What drew me in when I first spotted this novel on social media was the title (book club!), and then the cover. Juicy peaches with fat drops of blood, I was sure I would be in for a tongue in cheek kind of horror story, and that just goes to show that sometimes you absolutely can and should judge a book by its cover.

First let me assure you if you’re not that into vampire novels: this is no ordinary vampire story. Forget Bram Stoker and Anne Rice, forget Sookie Stackhouse and the Salvatore brothers, and let’s not even talk about Twilight. The Southern Book Club’s Guide to Slaying Vampires is the ultimate vampire novel for people who don’t even like vampire novels. For the larger part, there really isn’t that much vampire stuff, there’s hardly any blood (bar one particularly bloody part) and the story’s heroine is a mother / housewife who sometimes wonders what the point is, and whether there shouldn’t be more to life than going through the same motions day after day. She is utterly believable, she’s clever, she’s flawed, she’s a fierce momma bear, I adored her.

So this was the first novel I read for the 20 books of summer challenge and boy did I hit the jackpot! I had so much fun with The Southern Book Club’s Guide! I read it out in the sun, thanks to its setting in South Carolina it’s the perfect summer’s read, and thanks to its setting in the 80s and 90s, it has this kind of nostalgic feel to it that I very much enjoyed. I love the simplicity of those decades, the problems they throw at the characters. You’re in dire straits and you need help? Tough luck, you’ll have to save yourself, no way to call or text for help. And you saw evidence of wrongdoing, did ya? Well how are you supposed to prove it when you don’t have a smartphone with built-in camera glued to your fingers?!

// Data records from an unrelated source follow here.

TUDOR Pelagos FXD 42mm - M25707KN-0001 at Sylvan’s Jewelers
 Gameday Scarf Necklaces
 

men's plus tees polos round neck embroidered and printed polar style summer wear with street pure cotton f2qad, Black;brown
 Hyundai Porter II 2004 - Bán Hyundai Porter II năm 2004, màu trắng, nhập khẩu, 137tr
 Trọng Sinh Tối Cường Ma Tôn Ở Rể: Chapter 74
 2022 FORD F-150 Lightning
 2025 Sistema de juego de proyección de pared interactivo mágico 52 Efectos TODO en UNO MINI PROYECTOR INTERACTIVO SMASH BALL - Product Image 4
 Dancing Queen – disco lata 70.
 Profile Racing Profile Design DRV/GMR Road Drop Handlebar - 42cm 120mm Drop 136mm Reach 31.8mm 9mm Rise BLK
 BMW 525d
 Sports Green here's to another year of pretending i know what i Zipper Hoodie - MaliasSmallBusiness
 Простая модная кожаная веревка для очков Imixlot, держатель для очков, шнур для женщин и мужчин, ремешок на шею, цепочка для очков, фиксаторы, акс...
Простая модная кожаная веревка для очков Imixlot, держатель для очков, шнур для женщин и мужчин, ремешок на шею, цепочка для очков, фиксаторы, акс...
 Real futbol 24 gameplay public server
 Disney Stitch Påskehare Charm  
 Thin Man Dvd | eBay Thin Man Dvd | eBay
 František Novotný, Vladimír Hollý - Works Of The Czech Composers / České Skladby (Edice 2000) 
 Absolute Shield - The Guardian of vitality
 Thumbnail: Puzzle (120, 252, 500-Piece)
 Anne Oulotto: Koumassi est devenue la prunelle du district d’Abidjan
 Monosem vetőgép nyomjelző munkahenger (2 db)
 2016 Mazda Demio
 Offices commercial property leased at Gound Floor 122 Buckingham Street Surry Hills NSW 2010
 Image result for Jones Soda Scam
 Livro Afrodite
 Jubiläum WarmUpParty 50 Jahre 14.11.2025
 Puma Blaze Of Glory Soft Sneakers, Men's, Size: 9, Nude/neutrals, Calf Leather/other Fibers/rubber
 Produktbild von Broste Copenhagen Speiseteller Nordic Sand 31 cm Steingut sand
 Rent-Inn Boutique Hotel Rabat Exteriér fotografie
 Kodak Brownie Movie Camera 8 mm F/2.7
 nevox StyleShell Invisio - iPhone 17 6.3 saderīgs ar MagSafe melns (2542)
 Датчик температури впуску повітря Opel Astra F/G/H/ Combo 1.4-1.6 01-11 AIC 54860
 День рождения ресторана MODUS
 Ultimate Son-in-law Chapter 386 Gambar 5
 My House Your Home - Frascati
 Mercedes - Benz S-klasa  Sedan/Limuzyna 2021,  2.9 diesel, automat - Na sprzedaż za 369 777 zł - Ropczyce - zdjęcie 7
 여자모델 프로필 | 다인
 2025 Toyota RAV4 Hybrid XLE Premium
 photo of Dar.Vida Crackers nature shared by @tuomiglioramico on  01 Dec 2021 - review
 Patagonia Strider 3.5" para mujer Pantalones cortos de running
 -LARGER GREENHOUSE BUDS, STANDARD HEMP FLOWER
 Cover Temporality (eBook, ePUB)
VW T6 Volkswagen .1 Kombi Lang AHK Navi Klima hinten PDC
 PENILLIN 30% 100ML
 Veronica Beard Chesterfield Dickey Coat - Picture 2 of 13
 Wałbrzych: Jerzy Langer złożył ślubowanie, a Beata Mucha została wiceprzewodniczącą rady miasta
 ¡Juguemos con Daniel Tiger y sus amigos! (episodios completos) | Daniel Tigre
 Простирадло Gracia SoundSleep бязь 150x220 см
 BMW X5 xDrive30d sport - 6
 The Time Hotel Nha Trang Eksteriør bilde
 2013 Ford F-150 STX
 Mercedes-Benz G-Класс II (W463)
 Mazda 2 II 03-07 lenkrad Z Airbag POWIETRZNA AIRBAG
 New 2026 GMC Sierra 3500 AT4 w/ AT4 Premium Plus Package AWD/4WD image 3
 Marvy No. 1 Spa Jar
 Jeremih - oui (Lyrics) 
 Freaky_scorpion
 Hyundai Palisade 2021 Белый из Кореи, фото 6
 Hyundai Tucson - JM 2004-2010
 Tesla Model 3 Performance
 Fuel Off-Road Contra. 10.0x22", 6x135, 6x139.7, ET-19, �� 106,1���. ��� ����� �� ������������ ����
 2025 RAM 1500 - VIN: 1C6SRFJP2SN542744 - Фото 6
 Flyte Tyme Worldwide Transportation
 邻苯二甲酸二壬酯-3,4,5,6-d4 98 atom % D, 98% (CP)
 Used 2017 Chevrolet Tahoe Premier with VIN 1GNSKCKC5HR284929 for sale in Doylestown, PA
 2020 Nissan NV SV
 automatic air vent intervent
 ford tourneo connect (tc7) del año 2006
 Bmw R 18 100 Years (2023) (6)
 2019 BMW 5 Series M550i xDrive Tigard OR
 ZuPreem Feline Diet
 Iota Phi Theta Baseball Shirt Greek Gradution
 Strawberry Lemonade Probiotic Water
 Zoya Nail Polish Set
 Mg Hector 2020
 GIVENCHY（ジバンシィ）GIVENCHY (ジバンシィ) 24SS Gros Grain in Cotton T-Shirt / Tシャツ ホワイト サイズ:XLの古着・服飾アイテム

A sort of broodingly menacing atmosphere permeates The Southern Book Club’s Guide and I just couldn’t stop reading. And whenever I had to, my mind kept flashing back to it. Instead of the typical vampire story elements, we get a mother’s worst nightmare (willful teenagers who put themselves in harm’s way) and things like a rat invasion and a scene with way too many creepy crawlies in a dusty attic. There I was, breathing in clean air out in the garden with zero roaches in sight, yet I could smell the dust, taste the mothballs in the back of my throat, feel something wriggling in my ear. Sometimes vivid imagery is not all it’s cracked up to be 😳

There was one part of the book that royally pissed me off, made me feel a bit murderous even, and I might have looked quite calm, sitting there reading on my sun lounger, but on the inside I was raging and would have happily stuffed my e-reader down a certain condescending, patronising twat’s throat. This blood pressure inducing episode was followed by a slight confusion, for a minute there I thought I’d stepped into the Stepford Wives… 

This was my first Grady Hendrix novel, and I’ve promptly added his entire backlist to my wishlist. The Southern Book Club’s Guide to Slaying Vampires is a brilliant book, vivid, unique, fun, and if you’re looking for a novel to spice up your reading, this is guaranteed to do just that. Highly recommended!